Solvent
plays an important role in liquid phase heterogeneous catalysis;
however, methods for calculating the free energies of catalytic phenomena
at the solid–liquid interface are not well-established. For
example, solvent molecules alter the energies of catalytic species
and participate in catalytic reactions and can thus significantly
influence catalytic performance. In this work, we begin to establish
methods for calculating the free energies of such phenomena, specifically,
by employing an explicit solvation method using a multiscale sampling
(MSS) approach.
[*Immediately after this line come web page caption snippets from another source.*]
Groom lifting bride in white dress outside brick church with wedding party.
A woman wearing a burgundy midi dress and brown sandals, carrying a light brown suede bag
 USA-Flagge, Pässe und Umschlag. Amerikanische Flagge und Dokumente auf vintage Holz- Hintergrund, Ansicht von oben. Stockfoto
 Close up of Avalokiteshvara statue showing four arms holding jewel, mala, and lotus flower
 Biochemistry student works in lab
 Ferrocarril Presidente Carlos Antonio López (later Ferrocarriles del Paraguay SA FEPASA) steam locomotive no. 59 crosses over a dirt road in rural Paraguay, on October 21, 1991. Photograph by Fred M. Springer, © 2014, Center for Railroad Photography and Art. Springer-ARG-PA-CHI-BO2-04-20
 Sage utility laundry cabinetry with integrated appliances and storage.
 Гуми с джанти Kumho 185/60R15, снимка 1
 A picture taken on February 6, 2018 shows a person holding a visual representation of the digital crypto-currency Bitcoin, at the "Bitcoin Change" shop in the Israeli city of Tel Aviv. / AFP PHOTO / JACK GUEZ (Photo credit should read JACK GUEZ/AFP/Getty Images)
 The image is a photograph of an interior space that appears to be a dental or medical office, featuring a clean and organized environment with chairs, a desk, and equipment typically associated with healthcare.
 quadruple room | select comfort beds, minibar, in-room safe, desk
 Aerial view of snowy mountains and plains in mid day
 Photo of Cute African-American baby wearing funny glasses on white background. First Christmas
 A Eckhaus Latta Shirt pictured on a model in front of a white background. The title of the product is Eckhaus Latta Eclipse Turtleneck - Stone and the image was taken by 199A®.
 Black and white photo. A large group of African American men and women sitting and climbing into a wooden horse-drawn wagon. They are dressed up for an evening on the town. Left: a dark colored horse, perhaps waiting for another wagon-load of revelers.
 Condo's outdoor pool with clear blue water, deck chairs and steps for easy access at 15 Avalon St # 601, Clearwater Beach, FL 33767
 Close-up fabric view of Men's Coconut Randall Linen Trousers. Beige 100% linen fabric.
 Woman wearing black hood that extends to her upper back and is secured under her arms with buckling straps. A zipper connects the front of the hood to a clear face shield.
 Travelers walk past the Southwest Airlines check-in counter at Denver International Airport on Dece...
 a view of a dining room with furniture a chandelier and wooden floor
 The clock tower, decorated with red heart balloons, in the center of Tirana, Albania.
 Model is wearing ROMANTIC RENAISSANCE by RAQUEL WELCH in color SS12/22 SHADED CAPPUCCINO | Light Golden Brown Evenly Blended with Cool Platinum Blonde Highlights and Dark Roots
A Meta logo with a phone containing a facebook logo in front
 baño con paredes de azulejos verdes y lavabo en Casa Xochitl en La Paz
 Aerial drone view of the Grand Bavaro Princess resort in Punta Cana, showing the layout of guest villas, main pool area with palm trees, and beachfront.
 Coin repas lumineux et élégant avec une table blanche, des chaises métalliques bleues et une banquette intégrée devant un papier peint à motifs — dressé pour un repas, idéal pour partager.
This MSS approach combines classical molecular dynamics
with density functional theory. We use it to calculate the free energies
of solvation of catalytic species, specifically adsorbed NH*, NH2*, CO*, COH*, CH2OH*, and C3H7O3* on Pt(111) surfaces under aqueous phase and under
a mixed H2O/CH3OH solvent. We compare our calculated
values with analogous values from implicit solvation for validation
and to identify situations where implicit solvation is sufficient
versus where explicit solvent is needed to compute adsorbate free
energies. Our results indicate that explicit quantum-based methods
are needed when adsorbates form chemical bonds and/or strong hydrogen
bonds with H2O solvent. Using MSS, we further separate
the calculated free energies into energetic and entropic contributions
in order to understand how each influences the free energy. We find
that adsorbates that exhibit strong energies also exhibit strong and
negative entropies, and we attribute this relationship to hydrogen
bonding between the adsorbates and the solvent molecules, which provides
a large energetic contribution but reduces the overall mobility of
the solvent.